[Mechanical ventilation in acute respiratory distress syndrome (ARDS): lung protecting strategies for improved alveolar recruitment]

M J Schultz, A R H van Zanten, A M G A de Smet, J Kesecioglu
Nederlands Tijdschrift Voor Geneeskunde 2003 February 22, 147 (8): 327-31
For patients with acute respiratory distress syndrome (ARDS) the most important objective of mechanical ventilation is opening and keeping open the alveoli to achieve adequate oxygenation, without further damaging the lungs or negatively affecting the circulation. Alveolar recruitment is achieved by making use of positive end-expiratory pressure (PEEP). The best PEEP level is that with which the largest improvement in oxygen transport and lung compliance is achieved, without a decrease in the stroke volume of the left ventricle. In addition to the usual volume-controlled ventilation with PEEP, pressure-limited ventilation is also possible.
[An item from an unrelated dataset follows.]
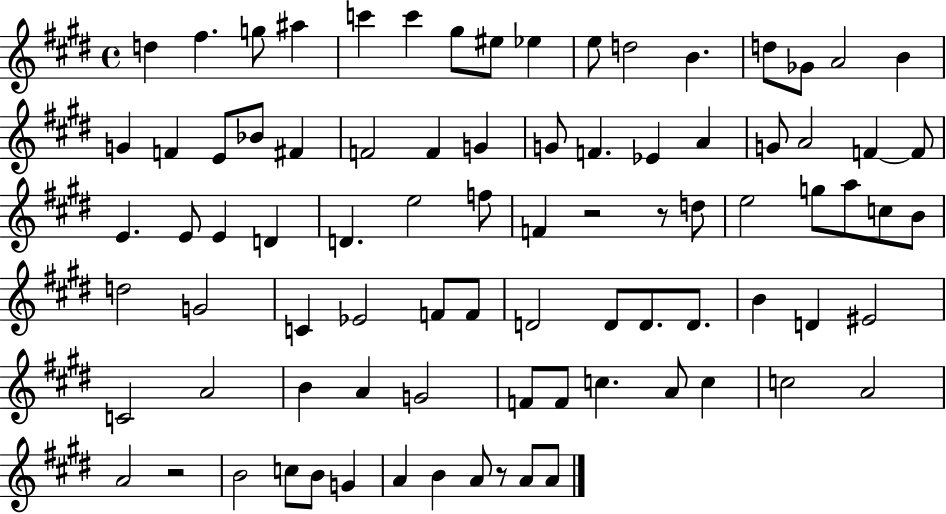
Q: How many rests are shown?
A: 4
In this a preselected pressure is never exceeded, whereas a maximum inspiratory airflow at the start of inspiration provides more opportunity for gaseous exchange. The oxygenation can possibly be further improved by increasing the inspiration-expiration ratio. As a result of the reduced expiratory period the alveoli which tend to collapse at the end of a normal expiration are kept open. Mechanical ventilation with a lower tidal volume decreases mortality. Ventilation in a prone position increases the end-expiratory lung volume and reduces the intrapulmonary shunt and the regional differences in the degree of ventilation. These factors possibly contribute to preventing ventilation-induced lung damage. Administration of natural surfactant during the ventilation of patients with ARDS seems to be a highly promising strategy; the clinical effectiveness still needs to be demonstrated.